Mercredi, a Cree from northern Manitoba, had been Manitoba Regional Chief to the AFN since 1989. A lawyer and activist, he worked as an advisor to the Assembly during the Meech Lake crisis, is an expert in constitutional law and international human rights, and was an Assembly spokesperson during the Oka crisis of the summer of 1990.
His main contender, Phil Fontaine, is Grand Chief of the Assembly of Manitoba Chiefs. A key architect in the strategizing behind Elijah Harper's blocking of the Meech Lake Accord, he is a graduate in political science and history. He was also the most familiar and favoured candidate with the mainstream media.
However in the backrooms of the Assembly and around the coffee machines the "anyone-but-Phil" campaign gathered momentum, aligning both radical and conservative delegates.
The reasons for concern were several, but probably the greatest was Fontaine's alleged connections with the Liberal Party. His well organized campaign, which featured glossy placards and flashy buttons, was more reminiscent of a Tory, Liberal, or NDP convention than an aboriginal assembly, and that was not lost on many delegates.
This allegation found a receptive ear among delegates unwilling to repeat, what Dene leader Bill Erasmus described as, "the nightmare of the early 80s."
It was then that the AFN leadership was embroiled in a financial scandal, with AFN money allegedly directed into then Indian Affairs Minister John Munro's Liberal leadership bid.
The AFN leadership of that time, Saskatchewan's David Ahenakew and Sol Sanderson, are currently on trial in Ottawa for their part in the Munro scandal, so the spectre of party politics continues to haunt the AFN.
Much of the anti-Fontaine vote reflected not so much a condemnation of Fontaine's policies, which differ little from Mercredi's, as an underlying, (and undocumented) fear that the influence of the federal Liberal party would worm its way into the inner workings of the Assembly.
Mercredi's vision of
Mercredi was not the best speaker. He was not the wittiest candidate. But what he offered, and in the end what got him elected, was his vision of an Assembly independent of any white political party, an Assembly that will negotiate on a nation to nation basis with the Federal and provincial governments, and an Assembly that will play an activist role.
Mercredi is not the conciliator that Neil Sterritt, Gitksan Hereditary Chief, is. Sterritt, of all the candidates, talked most of a "non-confrontational" approach to the federal and provincial governments.
Contrasted with the more "conservative" approach of Sterritt and many of the other Chiefs in Assembly was the position represented by Mike Mitchell, Grand Chief of the Mohawk Council of Akwesasne.
Presenting views that reflect the Six Nations of the Iroquois Confederacy, Mitchell talked of total sovereignty, the need to reject the Indian Act-imposed system of bank councils, and the need to regain or create exclusive institutions and laws as an assertion of complete sovereignty.
It was clear at the Assembly that there are still many Chiefs who are frightened by the views of the Six Nation delegates.

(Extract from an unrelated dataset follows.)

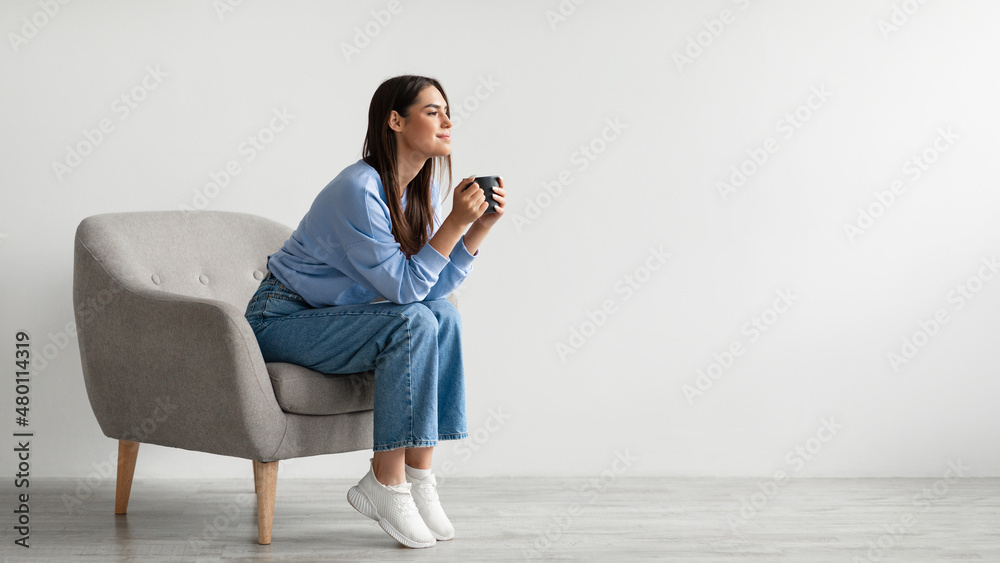 Time for coffee. Charming millennial woman sitting in armchair, enjoying cup of hot drink against white wall Time for coffee. Charming millennial woman sitting in armchair, enjoying cup of hot drink against white wall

Talk of complete sovereignty is still too radical a concept for many Chiefs from other parts of Canada. But the diversity of the First Nations, whether historical or cultural, has as much to do with the differing conceptions of sovereignty as any political differences in the commonly understood sense of the word.
Among the Mohawk Nation, for instance, the traditional government -- The Longhouse -- is very strong and increasing in influence. The Band Council system, which is after all a creation of colonialism, is in decline. Aboriginal politics in southern Ontario are affected by this. There is a refection, not only of the Indian Affairs Department, but also of involvement or membership in any "white" political party.
An Elijah Harper, for all the good work he does, would risk losing his citizenship in the Six Nations, and would certainly be viewed with suspicion as a sitting MP, if he was a Mohawk from Southern Ontario rather than a Cree from Manitoba.
In this difference of approach to sovereignty and the process of decolonization, Mercredi is probably best described, if somewhat simplistically, as holding the "middle ground." He rejects any form of "delegated authority" from the Canadian government. Yet he would lobby for aboriginal recognition in any reform to the Canadian constitution -- a constitution that many Six Nations citizens would view as having no relevancy to aboriginal nations.
"Sovereignty is not the Indian Act," Mercredi says. "It is not Parliament sitting down to pass a law that tells me that I can do this but I can't do that. That is not sovereignty, that is not self-government, and that is not self-rule. That is delegated authority. The source of our sovereignty comes from our own people, our own history, our own culture, our own nations."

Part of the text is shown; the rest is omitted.